Petitioner does not contest the claim by respondent that the corporations would violate State law if they were in the business of acting as insurance agents.

E. C. Gatlin, 34 B.T.A. 50 (1936). But compare Commissioner v. First Security Bank of Utah, 405 U.S. 394 (1972). In the First Security case, the Court held that there could not be a shifting or distorting of the true net income (the sine qua non of respondent's power under sec. 482 to reallocate income) in which the bank would be in violation of a law were it to receive income, whereas no violation of law existed so long as no income was received (by the bank) for its conduct. Justice Powell distinguished assignment of income cases by saying ‘But the assignment of income doctrine assumes that the income would have been received by the taxpayer had he not arranged for it to be paid to another.’ The easy distinction between First Security and the present case is that First Security involved sec. 482 whereas this case does not. More importantly, First Security seems inapposite under the theory of either petitioner or respondent since the Court in First Security stated that ‘The Banks received no commissions or other income on or with respect to the credit insurance generated by them.’ Under petitioner's view of the facts, the commissions were received directly by the corporations (petitioner being a conduit) and under the respondent's view, the corporations were acting as petitioner's agents. In either case, the corporations were receiving income of one sort or another with respect to the insurance sales.

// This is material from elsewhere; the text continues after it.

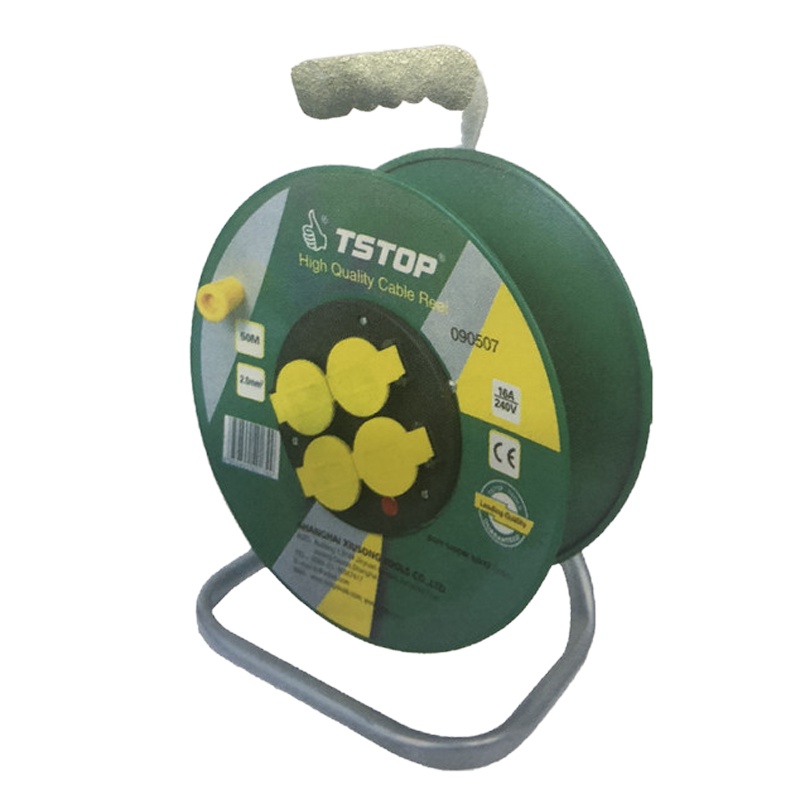 特斯 高档电线盘(空盘)50m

In Campbell County Sate Bank, Inc., 37 T.C. 430, 439 fn. 5 (1961), a case very similar to the one here at issue, South Dakota law prohibited a bank from engaging in any business activity other than banking. There this Court held the State statute relevant ‘only to show the existence of some business purpose (other than the saving of Federal income taxes) for conducting the insurance business through an entity other than Bank.’

It is equally true that notwithstanding contrary provisions in the written contracts between petitioner and Lloyds and the Keystone agency, it is possible for Federal tax purposes for petitioner to transfer to his corporations the capacity to earn the commissions provided for in the contracts. See American Savings Bank, 56 T.C. 828 (1971); Nat Harrison Associates, Inc., supra.

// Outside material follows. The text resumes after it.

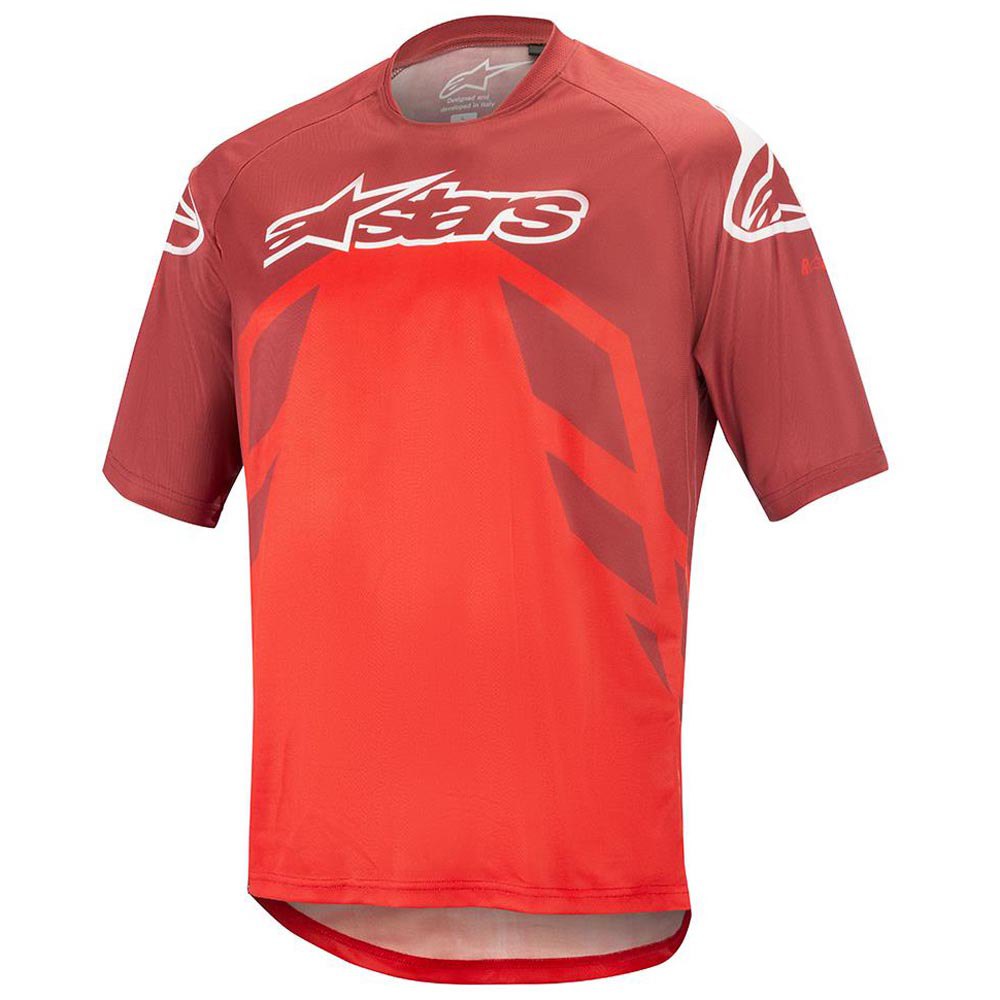 alpinestars-kort-rmet-t-shirt-racer-v2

Respondent's third line of attack is that the income should be attributed to petitioner as a matter of law since the checks were made to his order. Respondent relies heavily upon Blassie v. Commissioner, supra, for the proposition that petitioner's control over the proceeds should cause petitioner to be considered the one who ‘earned’ the commission. We have carefully considered Blassie and find it distinguishable from the facts of this case since in Blassie the taxpayer's intent and action was to donate the commission income to a trust fund having no part in the production of the income.

Petitioner's right to the commission receipts was not entirely without restriction in view of Texas law prohibiting diversion of the opportunity of a corporation to make a profit and uncompensated use of corporate facilities by corporate officers and directors. In such a case, the corporation has a claim on the entire personal profit, rather than simply compensation for damages. International Bankers Life Ins. Co. v. Holloway, 368 S.W.2d 567, 577 (Tex. 1963). See also Palmer v. Stokely, 255 F.Supp. 674 (W.D. Okla. 1966). Balanced against the general proscription of the diversion of a corporate opportunity to make a profit are the legal prohibition of corporate insurance agents and the fact that petitioner was virtually the only shareholder and thus would have had a private but not a secret profit at the expense of the corporation had he retained the commissions. We decline to become involved in these intricacies of Texas law because first, we believe the important question not to be who had apparent control over the proceeds, but rather who had control over the source of the income, and second, even if we were to find the corporations to have no claim on the proceeds enforceable in a State court, we believe respondent's stipulation that petitioner ‘always treated such corporations as being entitled to the income’ to be the substantial equivalent of a claim enforceable under State law in the context of this issue.

In essence respondent has argued that notwithstanding the corporate viability, the relationship between petitioner and Shaw Ford and American was that petitioner carried on the insurance enterprise and assigned the proceeds to the respective corporations. Petitioner asserts that Shaw Ford and American had control of the insurance enterprise itself rather than control merely over the proceeds. Since the latter view dignifies the relationship to the degree necessary under section 61 to shift the incident of tax to Shaw Ford, American Savings Bank, supra, we must look past the question of who received the proceeds or to whom the license was issued to the question of who was in control of the enterprise or the capacity to produce the income.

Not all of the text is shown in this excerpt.